After the adjustment and deletion of the effects of confounding variables and the scores of pain disability before the intervention, the mean pain disability score following the intervention did not indicate any significant differences in both groups (P=0.557). Furthermore, after the effects of confounding variables were eliminated, education (illiterate vs literate) significantly affected the pain disability score following the intervention (Table 4). This finding means that the pain disability score decreased to 3.601 in the literate patients compared with their illiterate counterparts.

Discussion

Our intervention for patient expectations failed to enhance patient expectations and pain disability, but it alleviated cardiac anxiety significantly.

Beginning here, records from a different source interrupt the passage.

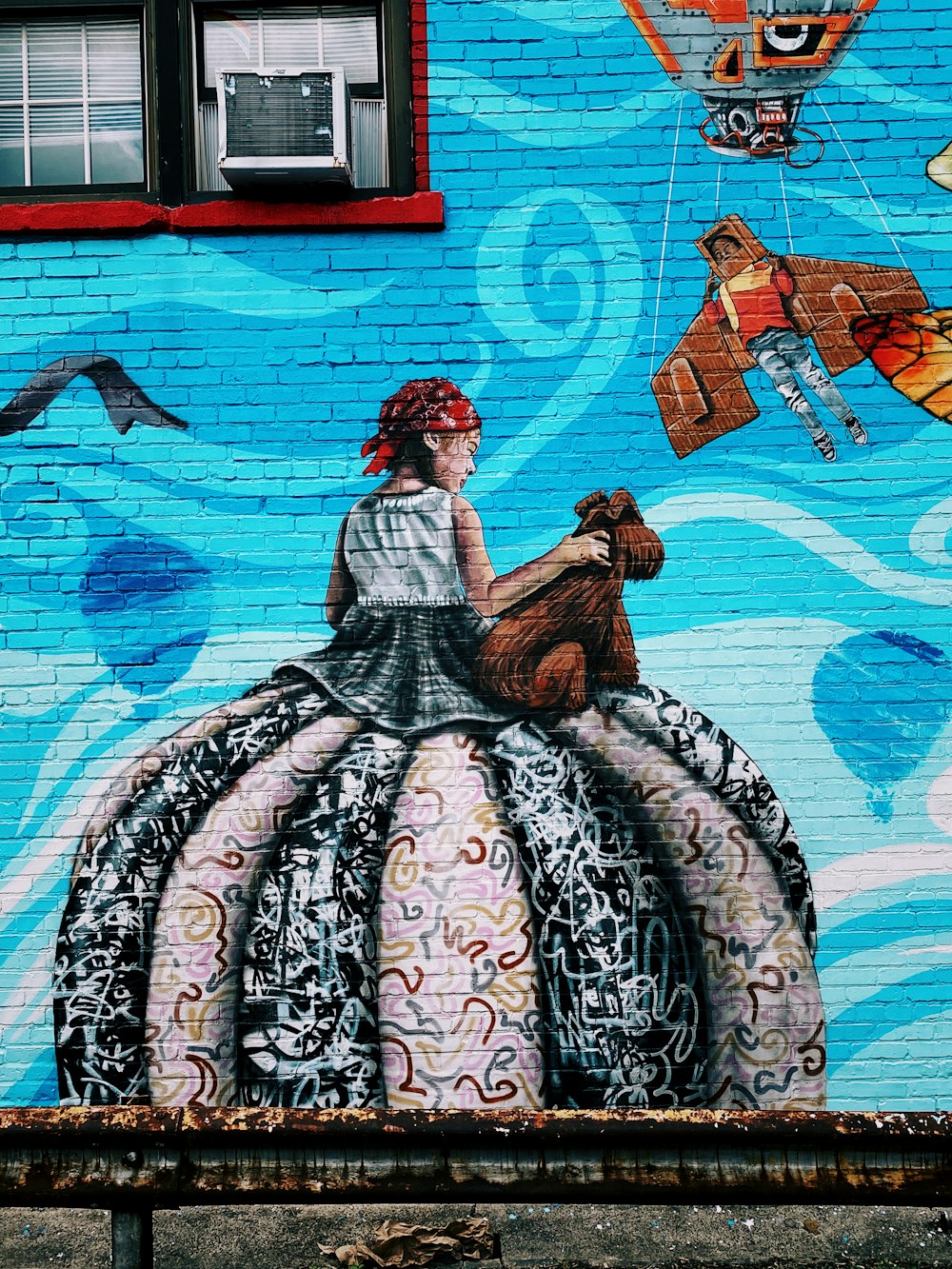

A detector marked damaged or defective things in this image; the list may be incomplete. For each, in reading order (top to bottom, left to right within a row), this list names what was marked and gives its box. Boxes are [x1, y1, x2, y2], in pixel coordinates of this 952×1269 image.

rusted metal ledge [1, 1104, 952, 1211]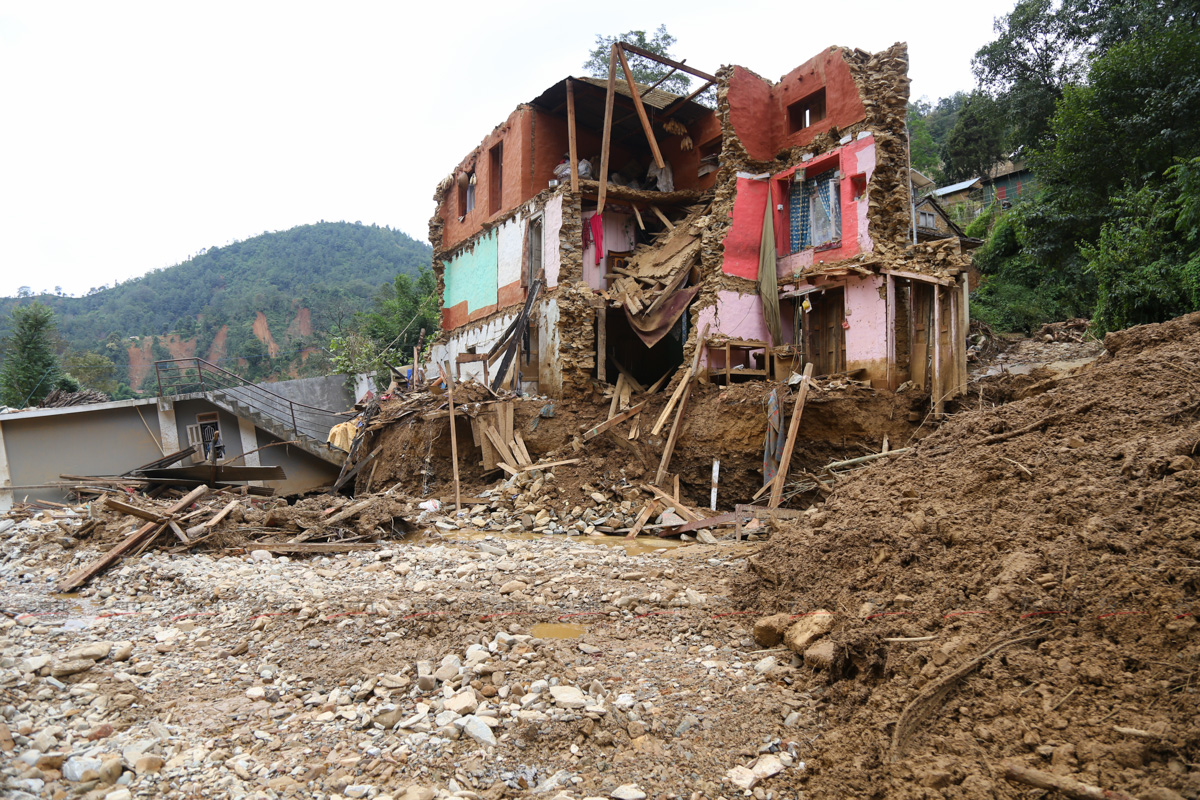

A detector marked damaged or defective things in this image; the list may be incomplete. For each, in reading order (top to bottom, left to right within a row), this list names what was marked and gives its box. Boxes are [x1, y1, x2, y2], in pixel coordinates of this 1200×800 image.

damaged adjacent building [426, 39, 972, 412]
broken roof structure [426, 43, 972, 416]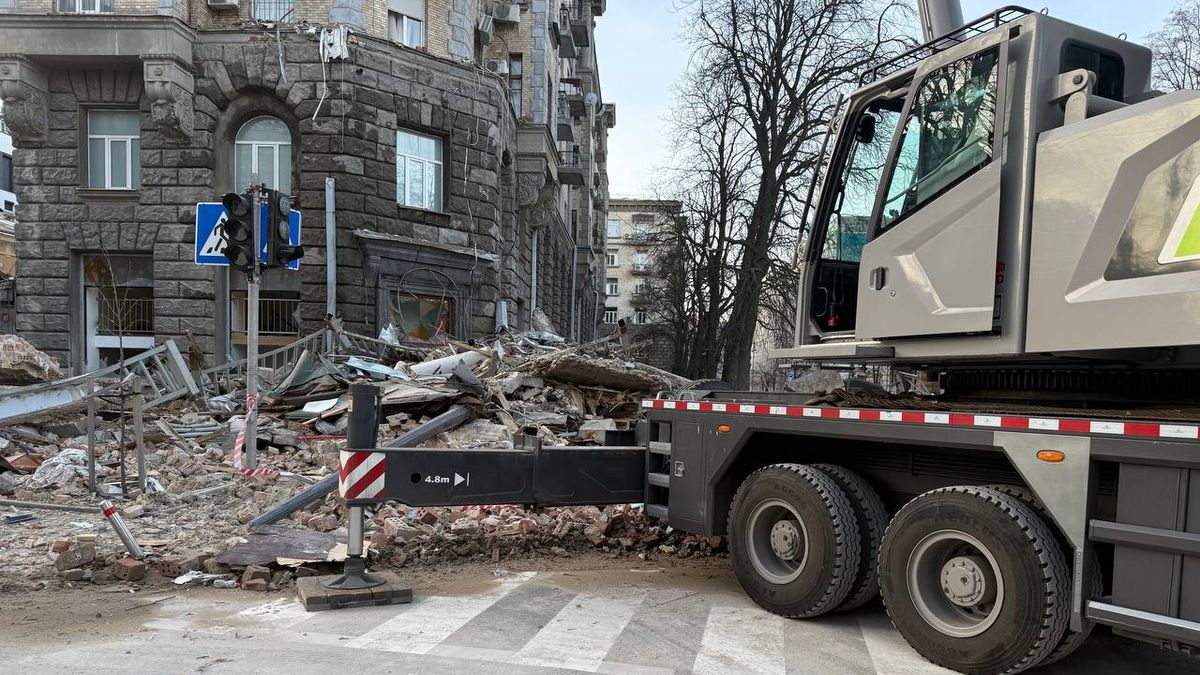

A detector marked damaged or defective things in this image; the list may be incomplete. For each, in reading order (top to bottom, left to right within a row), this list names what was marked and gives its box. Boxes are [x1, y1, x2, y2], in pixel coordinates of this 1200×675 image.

damaged stone building [0, 0, 614, 369]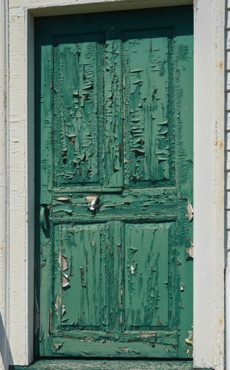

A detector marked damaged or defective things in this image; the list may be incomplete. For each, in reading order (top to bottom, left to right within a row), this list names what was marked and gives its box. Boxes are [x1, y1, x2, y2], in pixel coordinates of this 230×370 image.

peeling green paint [35, 5, 194, 358]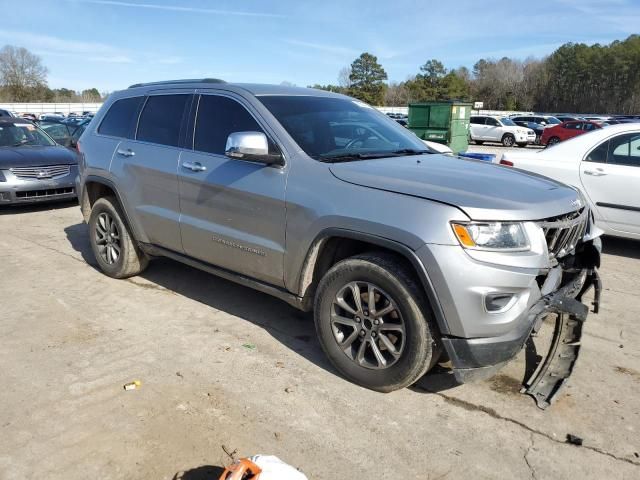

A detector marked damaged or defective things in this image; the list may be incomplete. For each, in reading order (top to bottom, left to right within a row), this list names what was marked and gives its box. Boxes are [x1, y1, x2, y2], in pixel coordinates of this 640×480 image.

Following the intervention, we found no significant differences between the control and intervention groups in the mean expectation score. Although the patient expectation score improved meaningfully in the intervention group and became more realistic, the improvement was not significant in comparison with the control group. A study was conducted in Germany (2013) to optimize patient preoperative expectations by applying a brief psychoeducational program to the outcomes of coronary artery bypass graft surgery, and the results revealed that the intervention group had higher personal control and more realistic expectations of the treatment period. Further, actualization of expectations and implementation of an intervention based on patient expectations improved expectations, inconsistent with the results of the present study.20 This inconsistency can be due to cultural differences and types of expectations in developed countries compared with developing countries. The controversial point in this regard is that previous studies failed to furnish detailed explanations concerning the type, method, and conduct of the interventions, rendering it difficult to explain and interpret the differences in the results.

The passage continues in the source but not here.